Pendant ce temps, notre cher « allié » turc…
Can Dündar et Erdem Gül deux journalistes turcs, qui ont affirmé dans une série
d’articles qu’Ankara arme les militants islamistes en Syrie, sont accusés
d’espionnage pour « diffusion de secrets de l’état turc ». Tous deux
travaillent pour Cumhuriyet (La République), le plus ancien journal indépendant
de Turquie, qui véhicule des opinions laïques
de centre-gauche. L’année dernière Dündar, qui est le directeur du journal, et
Gül, qui est le chef du bureau d’Ankara, ont publié une série d’articles
affirmant que le gouvernement turc fournit une aide militaire secrète aux
groupes salafistes et djihadistes de Syrie.
Dans ces articles, Dündar et Gül ont révélé qu’un convoi de camions a été
intercepté en Turquie en route vers la Syrie. Selon les deux journalistes, les
camions transportaient de grandes quantités d’armes et de munitions destinées
aux rebelles syriens dans le cadre d’une opération secrète menée par
l’Organisation Nationale de Renseignement (MIT), la principale agence de
renseignement turque. Selon Cumhuriyet le MIT n’avait pas fourni les détails de
l’opération à la police turque, qui a arrêté les véhicules, les a fouillé et constaté
qu’ils étaient remplis d’armes" et de munitions. Le journal a également
publié des séquences vidéo montrant les camions présumés.

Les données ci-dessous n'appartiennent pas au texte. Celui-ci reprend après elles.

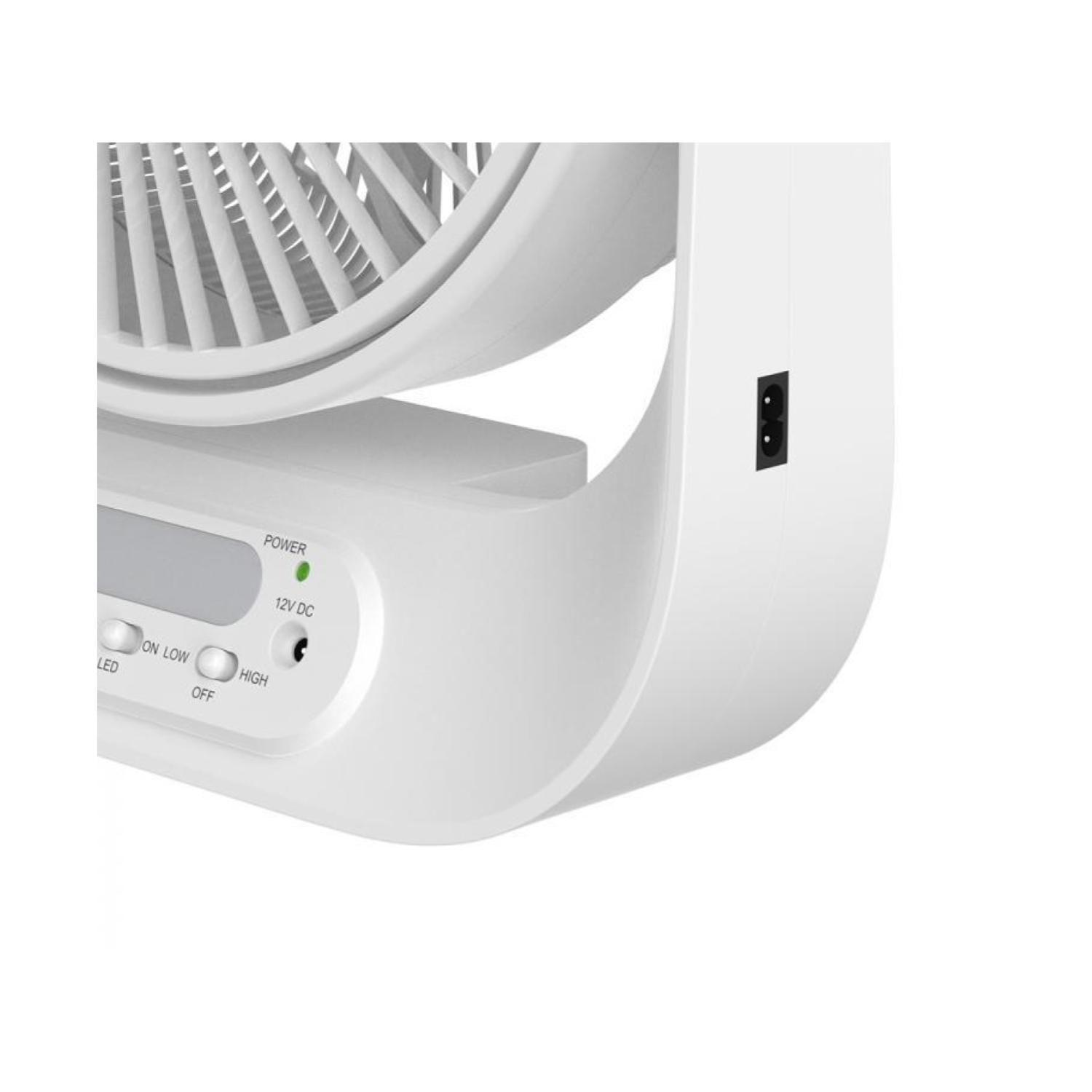 Ventilador De Mesa Recargable Luz LED 50x29cm ST-4056-1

Quand l’histoire fut publiée, elle causa de fortes vagues dans le monde
politique turc et contraint le gouvernement du président Recep Tayyip Erdoğan à
démentir vigoureusement les accusations du journal. Le porte-parole du gouvernement alla jusqu’ à affirmer
que les camions interceptés contenaient de l’aide humanitaire, et non des
armes. Plus tard, cependant, les responsables turcs admirent que les camions transportaient
des armes, mais qu’elles étaient destinées à la guérilla turkmène opérant en
territoire syrien. Le Président Erdoğan, furieux contre Cumhuriyet avertit les
journalistes d’investigation du journal qu’ils allaient « payer un prix
élevé" pour avoir révélé des secrets d’État.

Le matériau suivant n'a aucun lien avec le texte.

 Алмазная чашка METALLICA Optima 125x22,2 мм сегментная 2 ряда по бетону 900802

Les deux journalistes ont été arrêtés en Novembre 2015 et sont toujours en
détention. Mercredi dernier, le procureur de l’État a inculpé Dündar et Gül
d’espionnage, de tentative de renversement du gouvernement turc par la force,
et de soutien au terrorisme. Fait intéressant, les principaux plaignants dans
l’affaire sont président Erdoğan et Hakan Fidan, le directeur du MIT. S’ils
sont reconnus coupables, les deux journalistes Cumhuriyet encourent la prison à
vie.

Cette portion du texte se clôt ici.